With Information Technologies heavily intertwined in business processes, the CIO needs to play a key strategic role in the growth of the overall organization. While a CIO’s day-to-day responsibilities (e.g., data centre virtualization) can  reduce operational costs and make the organization ‘lean’, achieving business efficiencies through re-engineering and process automation requires the CIO to also be a strategist, identifying the opportunities to grow the business.

CIO STRATEGIES


CIO strategies to benefit an organization can range from directly handling people, setting plans, managing risks and handling the financial aspects of the IT operations. Most importantly though, a CIO needs to change the mindset of the IT organization from being technology-centric and siloed to becoming a reliable, service oriented organization. The following are some ways a CIO achieves this:

  • Reshape IT’s mindset from a technology business unit to a people focussed service business. An example of such change is to ensure the budgetary emphasis is on servicing rather than the traditional asset counts of PCs/laptops and software license.
  • Reporting on IT services provided for each business unit and empowering these business units to manage their demand. This would include periodic agreements with business to forecast their IT services demand and then reconcilling these projections with actual consumption.
  • Challenging the unilateral handing down of reduction targets by the CEO (e.g. a 15% reduction in costs across the company with same service levels) and instead promoting a conversation with the CEO to discuss the required service levels to bring about meaningful reduction in targets.
  • Calculating the “cost of IT services” as against the traditional “IT costs”. Although this change may appear subtle, the distinction changes the mindset and causes a rethink of the traditional IT Business model. For example, all hardware, software licensing, support and IT staff costs in relation to the General Ledger system will now be treated as the “Cost of IT services” incurred on behalf of the business.
  • Enhancing People skills – a CIO needs to develop and maintain relationship with key business leaders. Generating trust and using the art of influencing, negotiating and persuasion is vital in developing trust that goes beyond IT. “..a great IT leader must be able to trust and be trusted. Trust cannot develop unless both parties invest in the relationship.”
  • Monitoring technological advances, not only in technologies such as cloud computing, SOA etc. for their own sake, rather in terms of their impact on business, such as improvements to service level agreements.


IT COSTS & SERVICES

As argued above, pure IT costs, as a separate entity, are a misnomer. In fact, these "costs” are incurred by IT for the business. Therefore, IT strategies need to be incorporated into and aligned with business strategies as the business acts to grow and prosper. Mergers and acquisitions exacerbate this challenge as now data, information and processes from separate IT systems need to be brought together without impacting the external views of the systems.

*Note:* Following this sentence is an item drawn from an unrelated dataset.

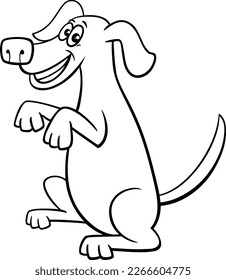 Black and white cartoon illustration of playful dog animal character doing a trick coloring page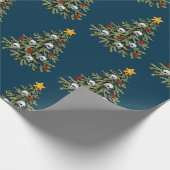 Creepy Christmas Tree Skull Wrapping Paper Geschenkpapier (Ecke)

A CIO’s typical & established response to the cost cutting call is to re-negotiate contracts and review head count. Typically such an approach may deliver up to 10% (if lucky) reduction in the IT Budget. Further reductions impact on service levels and are not acceptable to the business. Such cost cuttings deliver limited benefits for a short period (usually until the crisis has passed). Then the costs creep up to the pre-crisis levels and the cycle continues. The CIO needs to move away from this defensive mechanism and be pro-active in avoiding the “cutback hell”. An approach that delivers savings on a sustained basis while at the same time avoiding the standoff with the business is based on two vital principles that I have steadfastly followed in my work: cost transparency and demand management.

COST TRANSPARENCY

“Many companies see IT as a black box that generates significant costs. Few business managers know exactly what they are paying for and why their outlays keep rising.” 

IT costs are a function and effect of business demand (consumption) cause. Accountability for costs due to consumption of IT services must lie with the business units consuming these services. Similarly, large business actions, such as M&A, should incorporate IT costs as part of those actions. IT can price these services internally but, at the same time, can use external benchmarks and even third party audits. This governance issue relates to standards such as ITIL or CoBIT.

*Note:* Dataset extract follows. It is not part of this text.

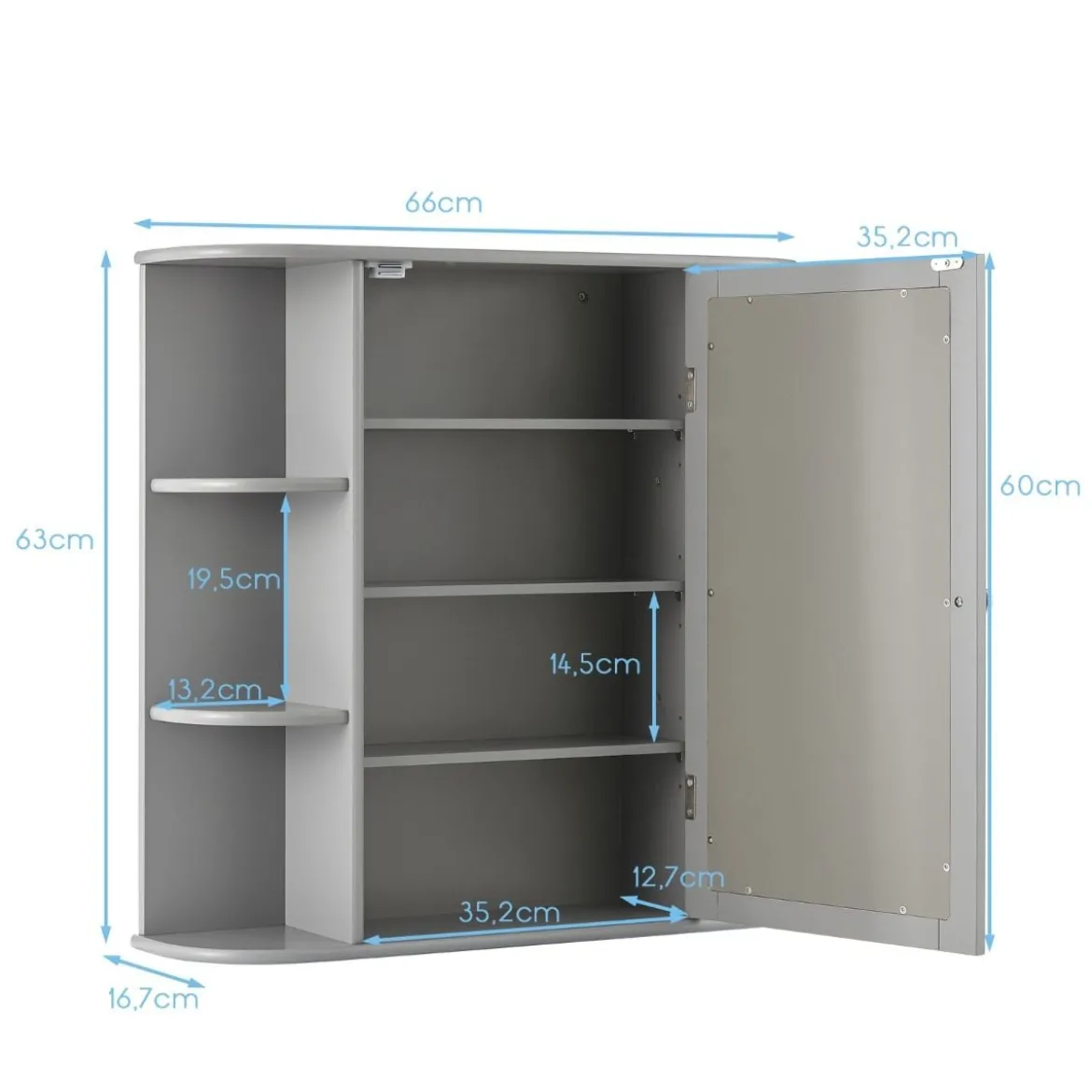Spiegelschrank Bad 4 Fächer & 6 offene Ablagen Badezimmerschrank mit Spiegel 66 x 17 x 63 cm Schwarz/Braun/Grau/Weiß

Advent of cloud computing and other “IT as a service” also need to be recognised by a CIO as opportunities that pave the path in transforming existing internal IT into a cost transparent, service delivery business unit. This change initially implies transforming the mindset of the IT team, which is followed by change in the mindset of the business through its processes. In addition, eventually, there is the matter of the cost of IT services being held within the IT Business unit, which should really and rightfully be seen as the costs incurred by the business. Cost transparency principle brings this IT element of cost of business out in the open.

DEMAND MANAGEMENT

IT is often seen as inflexible and rigid when it should be flexible and agile. I believe the principal reason for this relates to the traditional below the line charging mechanisms for IT services. The business wants its demand fulfilled in a consumerist real time model whereas IT costs are held in the socialist model. I feel this is akin to having a Capitalist consumption with Socialist charging mechanism. This does not work. For a business that has “capitalist” fulfilment expectations the charging must also be aligned with the capitalist model. This means re-charging above the line. IT costs then become transparent to the business. This is a brave new world for IT, as implemented by organizations I know, where IT has to justify all its costs and is often benchmark against external IT suppliers.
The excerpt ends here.